Jeremy sonrió magnánimamente.

– Me oyó hablar sobre mi hermano Marcus antes de que empezara el programa. Simplemente me inventé una vida imaginaria y la difundí entre el resto del público.

– ¿Cómo llegó hasta los oídos de Clausen?

– Esa clase de farsantes recurre a una infinidad de trucos, como por ejemplo micrófonos y espías que circulan por el área de espera antes de que empiece el espectáculo. Antes de sentarme, procuré moverme todo lo posible por la sala y entablar conversación con tantos miembros de la audiencia como pude, observando si alguno de ellos mostraba un interés inusual en mi historia. Y ¡cómo no!, un individuo pareció particularmente interesado.

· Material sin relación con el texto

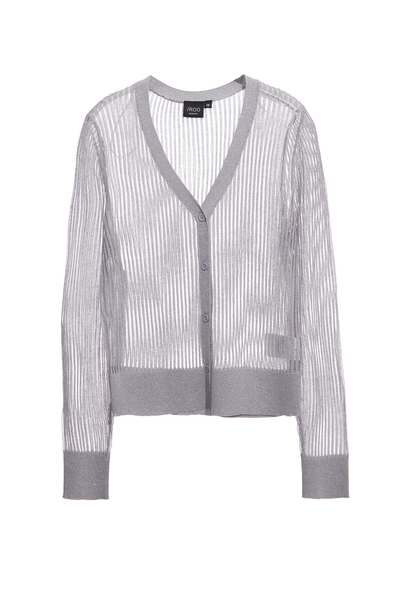 薄暮灰光澤感針織外套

Una foto ampliada ocupó la pantalla situada justo detrás de ellos. Era la foto que Jeremy había tomado con la pequeña cámara que llevaba oculta en su reloj de pulsera, un artilugio de última tecnología que había facturado a Scientific American sin sentir remordimiento alguno. A Jeremy le encantaban los juguetes de última tecnología casi tanto como el hecho de facturarlos a nombre de las empresas para las que trabajaba.

– ¿Puede explicarnos quién es el individuo que aparece en la foto que vemos en pantalla? -le pidió Diane.

– Es el espía de Clausen que se había mezclado con la audiencia del programa, haciéndose pasar por un invitado oriundo de Peoria. Tomé esa fotografía justo unos instantes antes de que empezara el programa, mientras charlaba con él. ¿Es posible ampliar la imagen?

Rápidamente la fotografía apareció ampliada, y Jeremy se incorporó y se acercó a la pantalla.

– ¿Ve el diminuto pin con las letras «USA» que lleva en la solapa? No es un complemento decorativo. Se trata de un transmisor en miniatura que emite a un dispositivo de grabación ubicado en otra habitación.

Diane lo miró perpleja.

– ¿Cómo puede estar tan seguro?

– Porque yo mismo tengo uno de esos chismes -respondió Jeremy, sonriendo burlonamente.

Acto seguido, metió la mano en el bolsillo de su americana y extrajo un pin muy similar al que lucía el individuo de la foto, conectado a un cable y a un trasmisor.